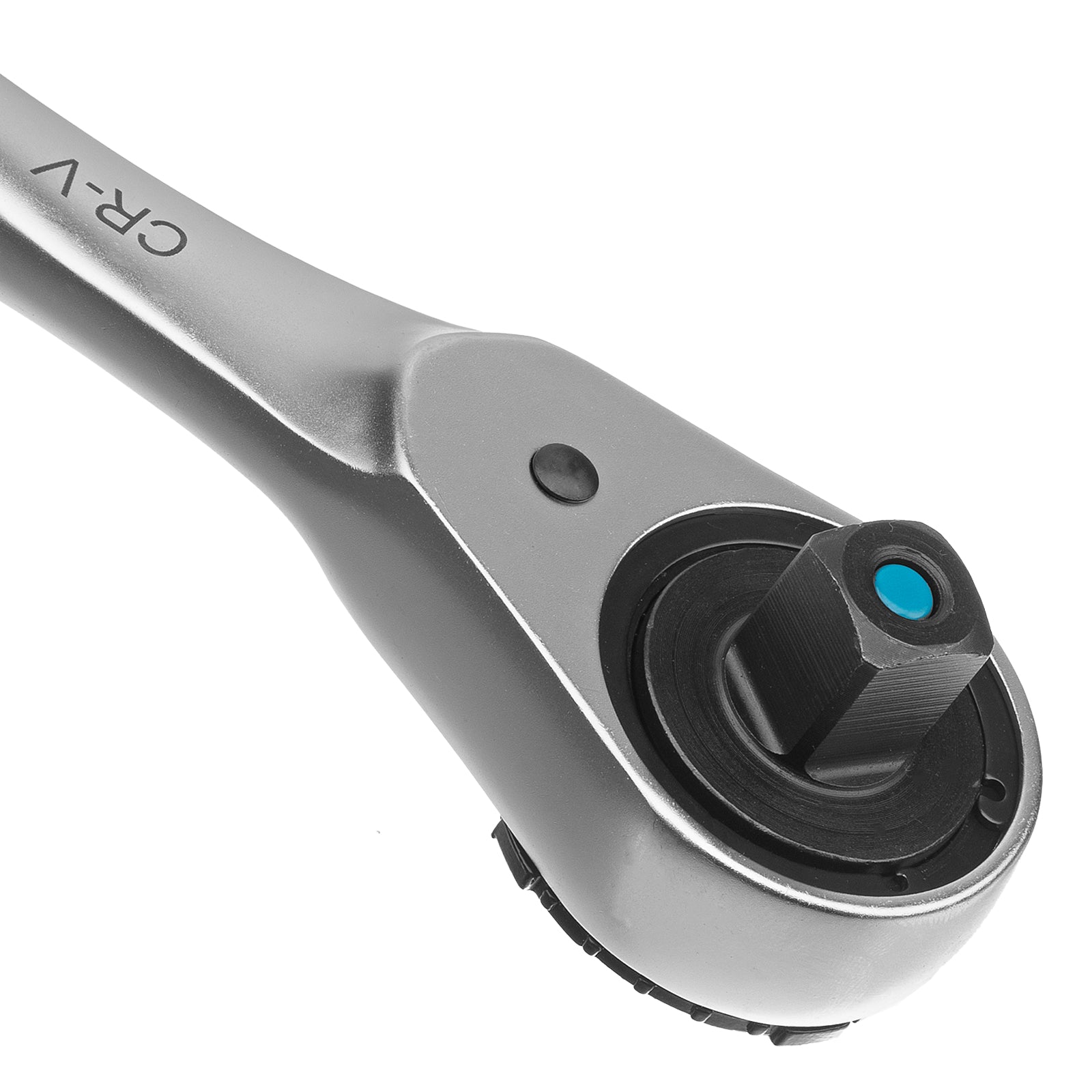 Вложки комплект, 41 бр., 1/2", 1/4", CrV, с тресчотка 120 зъба GROSS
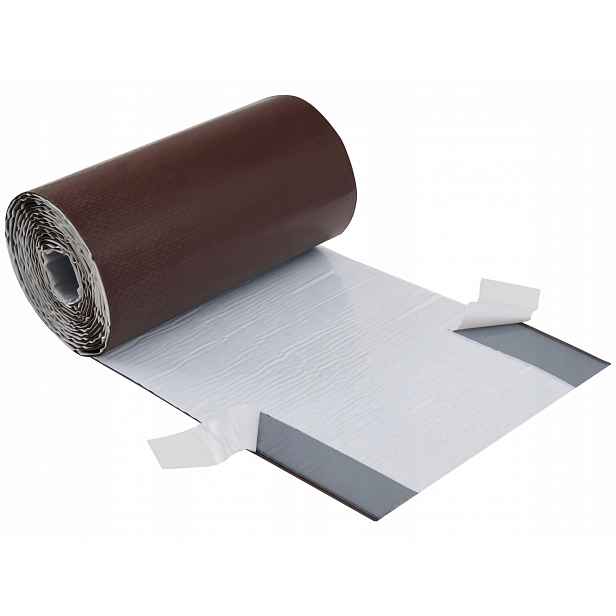 Dekarska Epdm komínová páska šířka 300 mm Bronzová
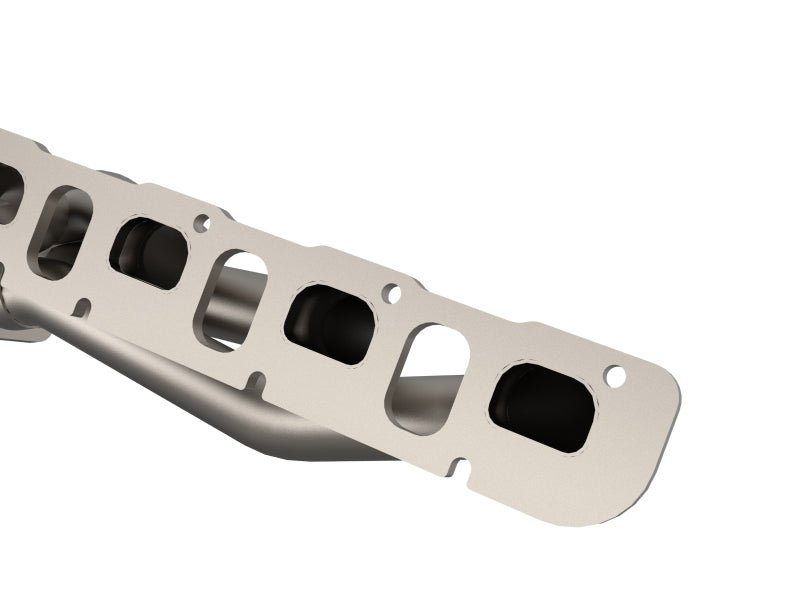 aFe Jeep Grand Cherokee Trackhawk (WK2) 11 - 21 V8 - 6.2L Twisted Steel SS Titanium Coated Headers - My Store
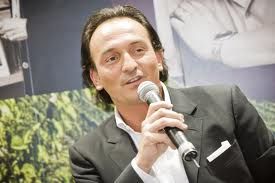 Alberto Cirio Alberto Cirio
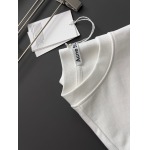 2025年4月14日入荷春夏 新作半袖 tシャツ高級なプレゼント/誕生日プレゼント/高品質/メンツ/記念品/ wenzhou工場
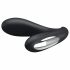 Pretty Love Backie - Prostata Vibrator (schwarz) 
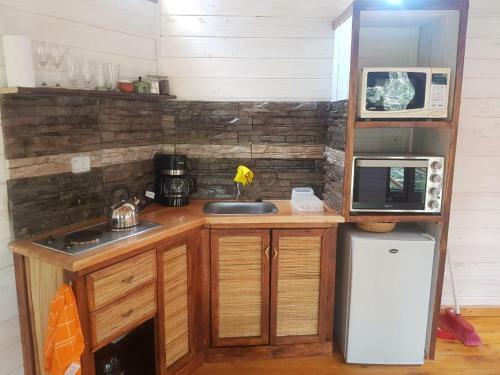 Apartamento La Casa Del Arbol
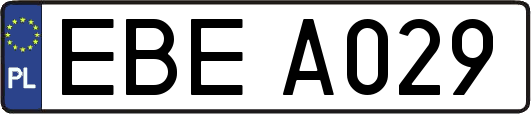 EBEA029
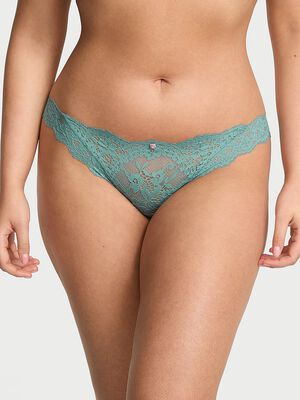 Lace Bikini Panty,  Lace Bikini Panty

◆ **WHAT IS EXPECTED**
Leave out every picture, and repeat word for word only the lines from the one holding "2025年4月14日入荷春夏 新作半袖 tシャツ高級なプレゼント/誕生日プレゼント/高品質/メンツ/記念品/" through the end of the entries above, both ends included.

◆ **ANSWER FOR THE TASK**
 2025年4月14日入荷春夏 新作半袖 tシャツ高級なプレゼント/誕生日プレゼント/高品質/メンツ/記念品/ wenzhou工場
 Pretty Love Backie - Prostata Vibrator (schwarz) 
 Apartamento La Casa Del Arbol
 EBEA029
 Lace Bikini Panty,  Lace Bikini Panty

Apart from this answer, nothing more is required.